Auch Google hat den Schutz für Android massiv ausgebaut. Neue Funktionen werden teilweise auch für ältere Geräte verfügbar. Ein Kernstück ist eine KI-gestützte Diebstahlerkennung. Sie soll ruckartige Bewegungen – typisch für das Entreißen eines Telefons – erkennen und das Display sofort sperren.

Zudem hat Google die Hürden erhöht:
* Auch hier ist für sicherheitsrelevante Änderungen eine biometrische Authentifizierung Pflicht.
* Die Sperrlogik wurde verschärft: Angreifer haben nur noch sieben statt 36 Versuche innerhalb von 15 Minuten.
* Nutzer können ein Gerät jetzt per Sicherheitsfrage von einem anderen Gerät aus fern-sperren.

Diese grundlegenden Tipps bleiben wichtig

Trotz automatischer Schutzfunktionen raten Polizei und Verbraucherschützer zu bewährten Vorsichtsmaßnahmen:
* IMEI-Nummer notieren (über *#06# abrufbar) für die Diebstahlsanzeige.
* Ortungsdienste wie „Mein iPhone suchen“ immer aktiviert lassen.
* Achtsamkeit in der Öffentlichkeit: PINs un-beobachtet eingeben und das Smartphone sicher verwahren.

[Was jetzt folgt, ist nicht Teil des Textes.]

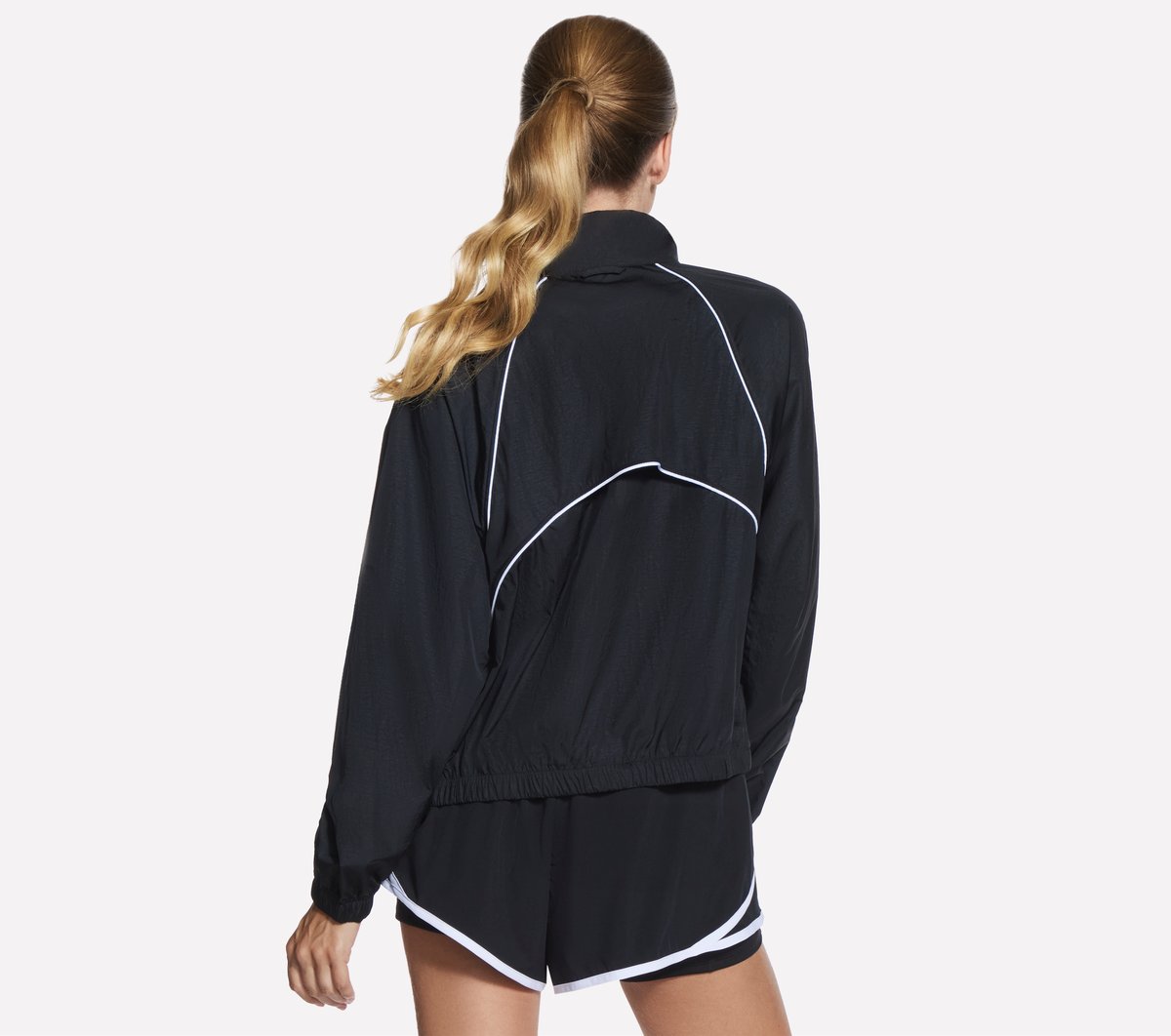 Skechers Outlet | Women Performance Track Jacket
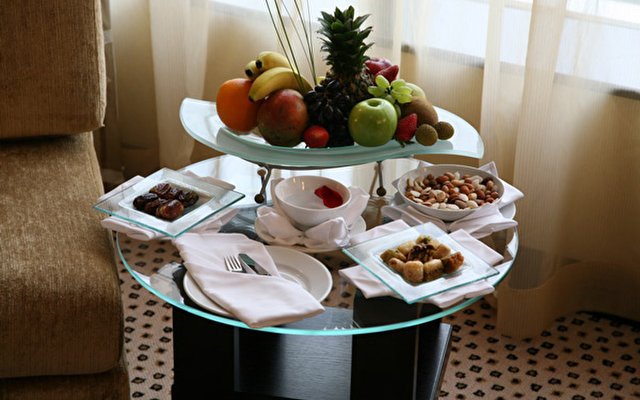 Samaya Hotel Deira 15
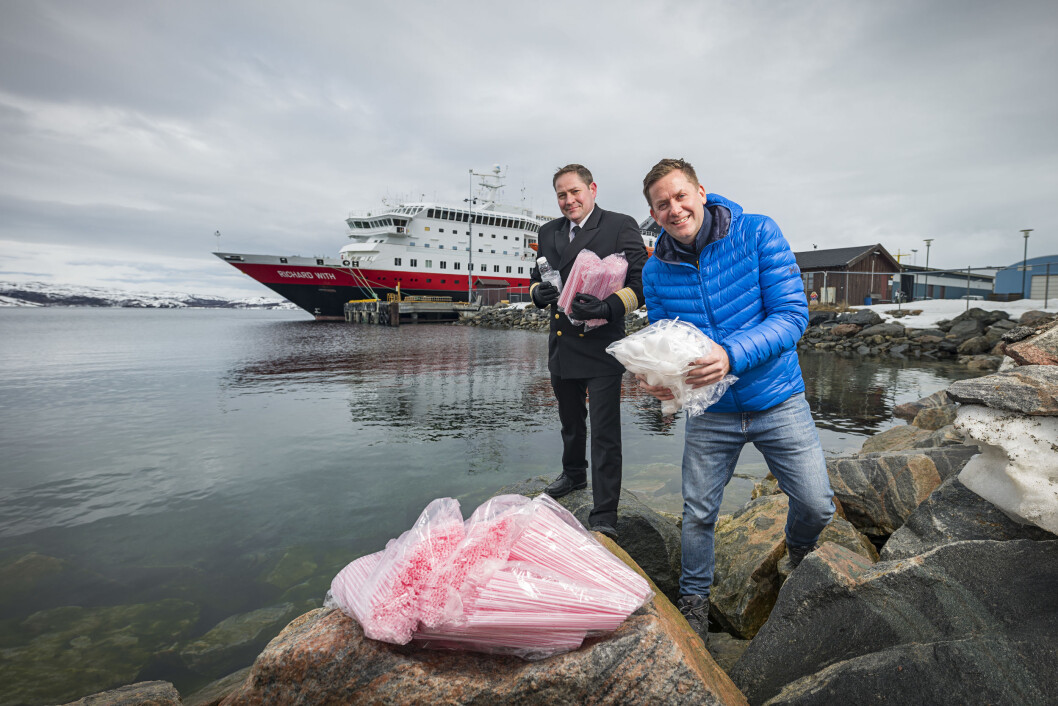 Foto: Ørjan Bertelsen Foto: Ørjan Bertelsen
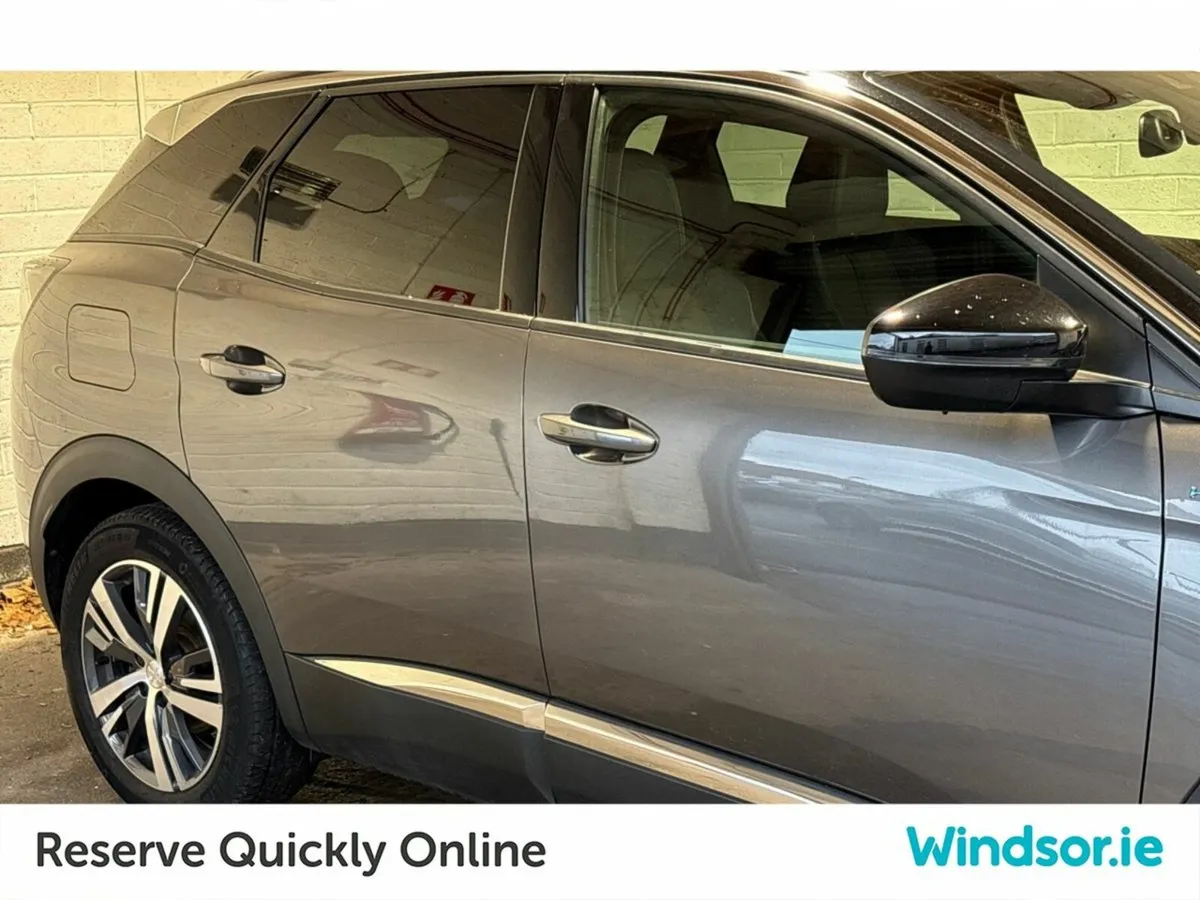 Peugeot 3008 3008 Allure Premium+ Ss Phev A  Allur - Image 4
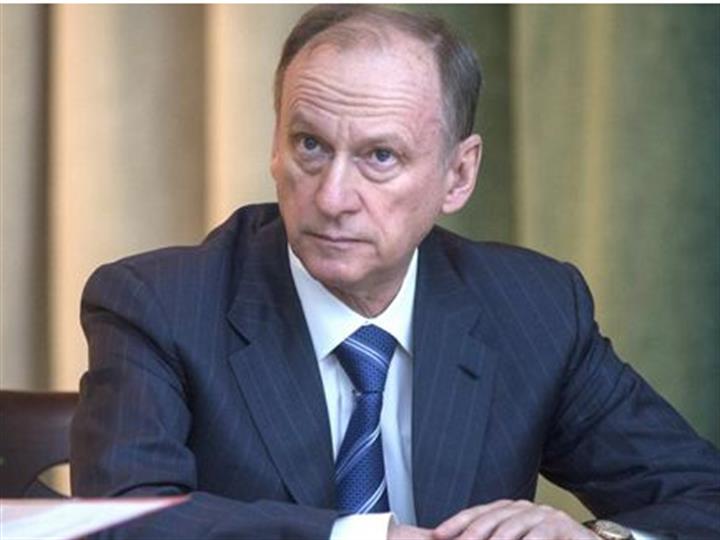 俄官员认为西方国家一些做法威胁国际安全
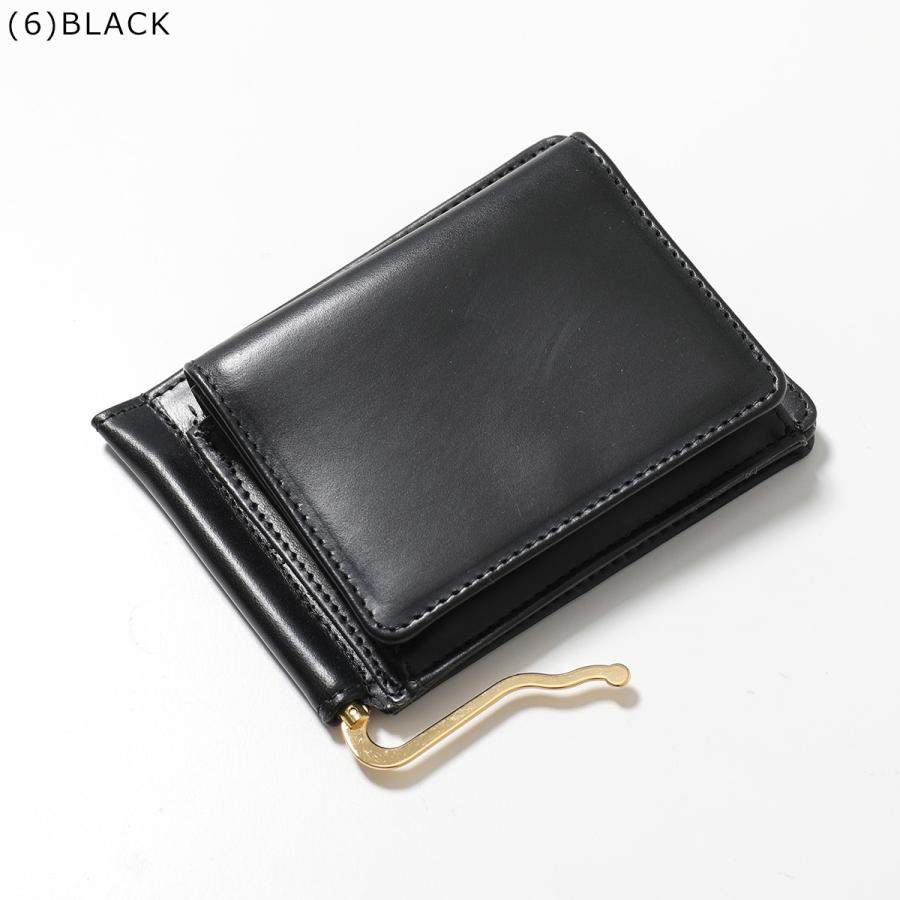 GLENROYAL（グレンロイヤル） 二つ折り財布 03-6164 メンズ レザー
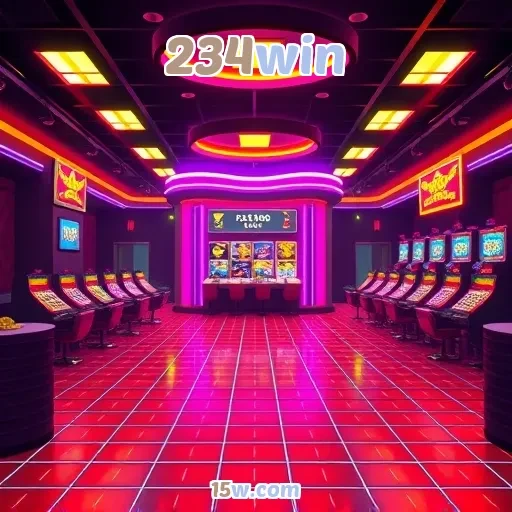 234win App: Descubra Recursos que Transformam Sua Experiência de Jogo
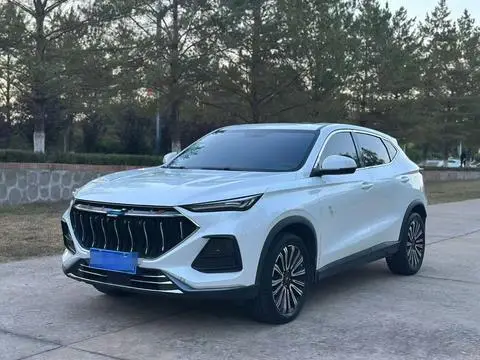 Oshan X5 2021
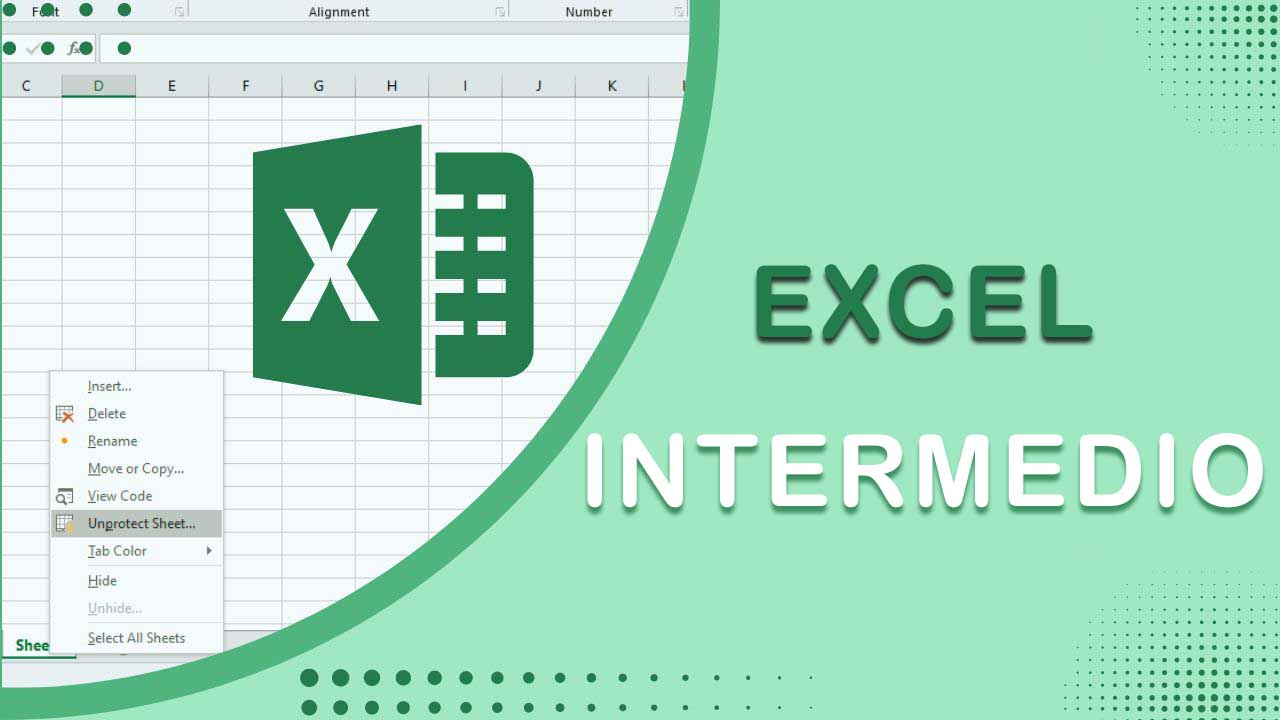 Herramientas de Nivel Intermedio en Microsoft Excel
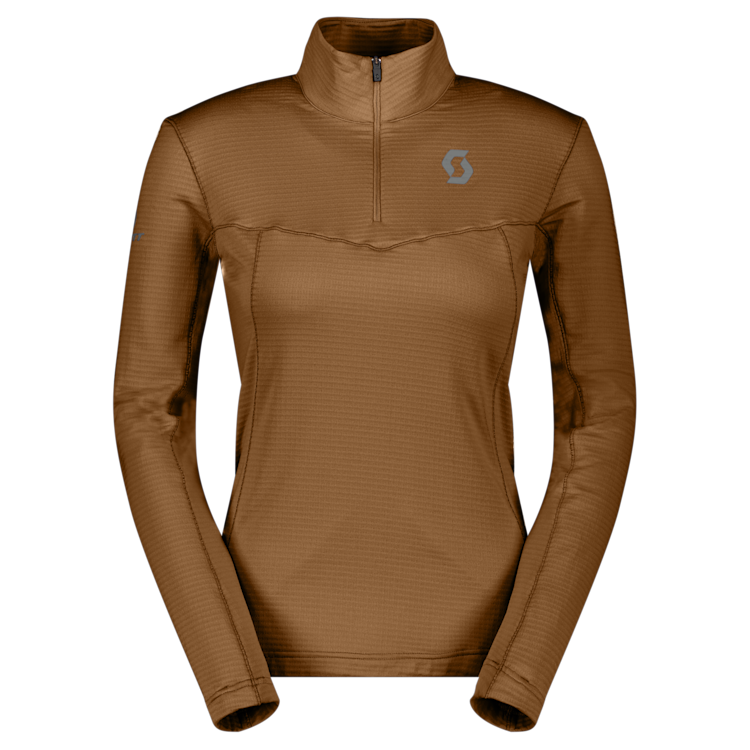 SCOTT Defined Light Women's Pull-overover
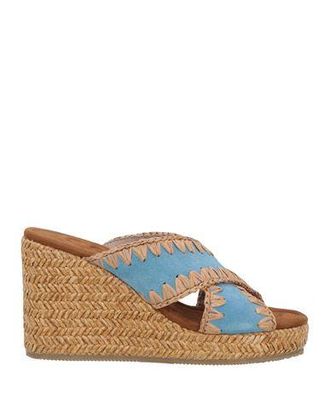 Mou CALZATURE - Espadrillas su YOOX.COM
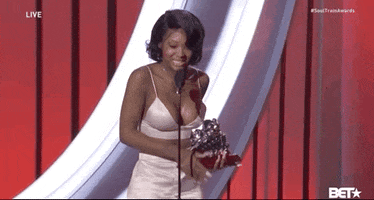 Bet Summer Walker GIF by Soul Train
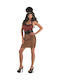 Carnival Unisex Costume Amy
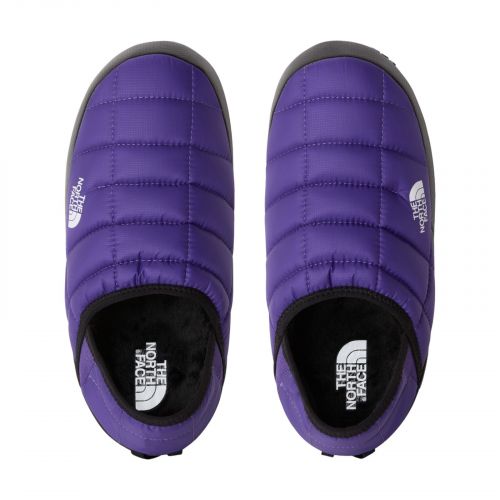 Buty pantofle zimowe damskie The North Face Thermoball V Traction A3V1H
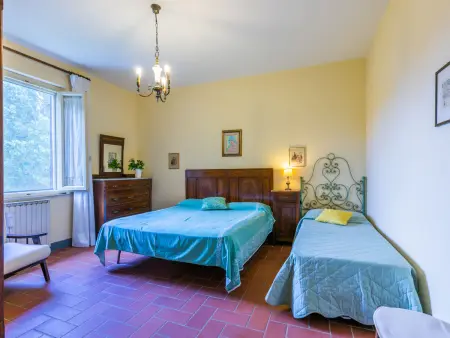 Tenuta La Colonna, Maison 10 personnes à Vinci - Photo 25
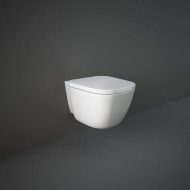 Vaso Sospeso ONE 52x36,3x33cm  Rak Ceramics RAK CERAMICS - 1
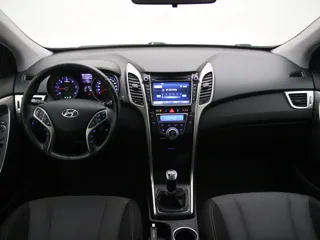 HYUNDAI I30 Business Edition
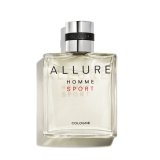 Herreparfume Chanel Allure Homme Sport Cologne EDC 100 ml #3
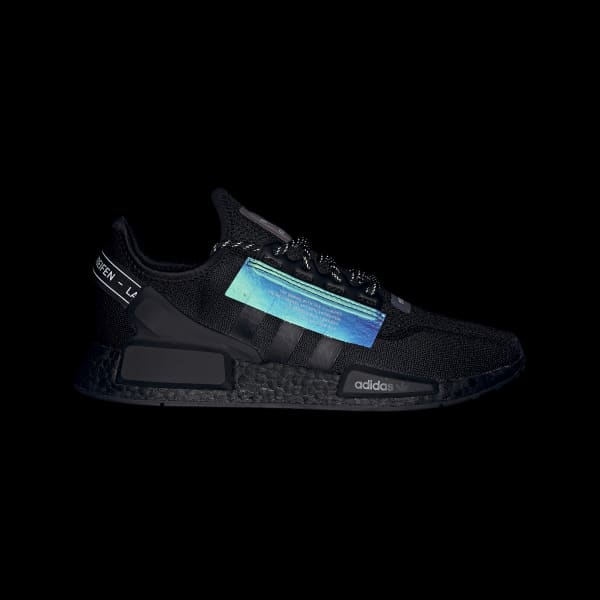 adidas nmd xr1 Bleu homme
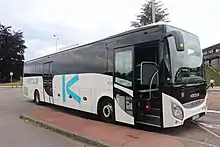 Iveco Bus Evadys
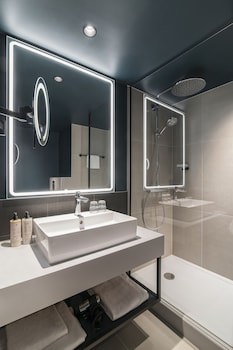 Novotel Rotterdam Brainpark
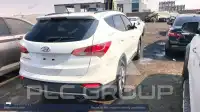 2013 Hyundai Santa Fe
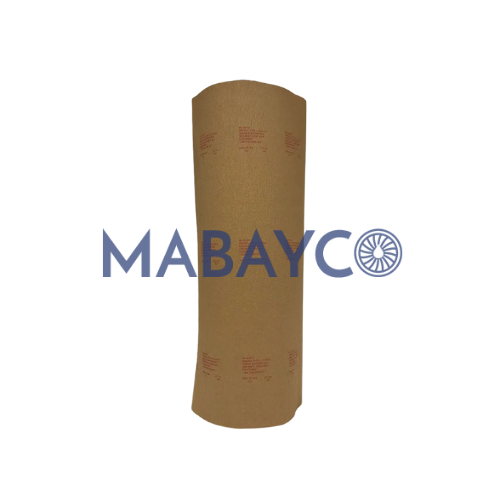 MIL-PRF-121 Type 2 Class 1 Barrier Material (36 X 100YD)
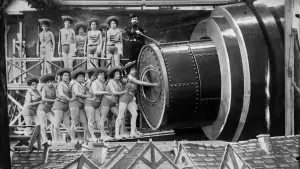 Задник до фильму"Подорож на Місяць" #181996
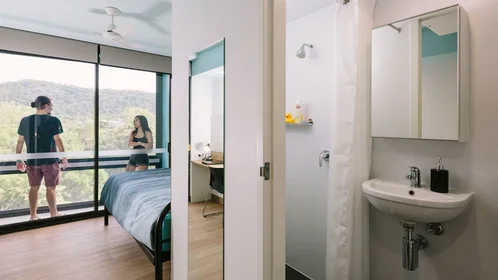 Chambre privée en résidence à 14-88 McGregor Rd, Smithfield QLD 4878, Australia, image 17 de 27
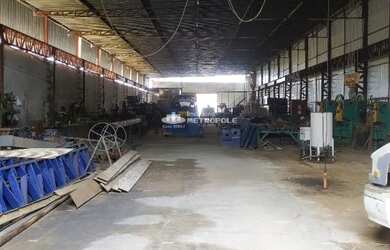 Imagem 7: AV. CAMACARI - BAIRRO: DISTRITO INDUSTRIAL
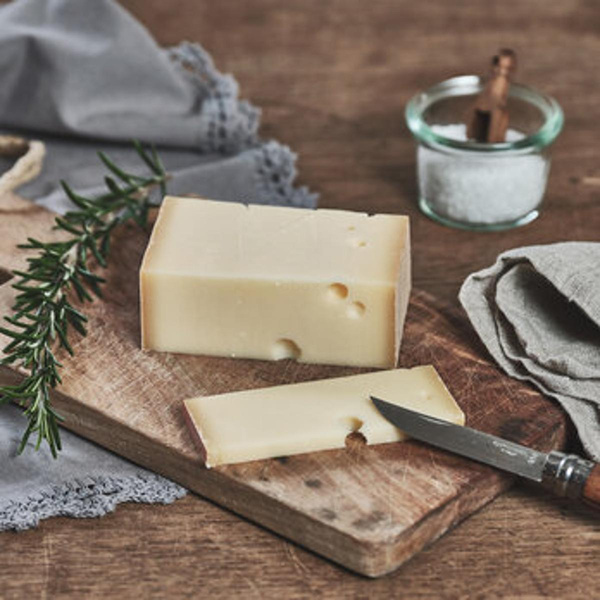 Produktfoto zu Hof Dannwisch -  Flachlandtiroler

Hersteller übernehmen mehr Verantwortung

Die Neuerungen markieren einen Wandel: Statt die Verantwortung allein dem Nutzer zu überlassen, setzen Apple und Google auf proaktive, standardaktive Schutzmechanismen. Das erhöht das Sicherheitsniveau für alle und soll den Wiederverkaufswert gestohlener Geräte drastisch senken. Das technologische Wettrüsten geht damit in eine neue Runde.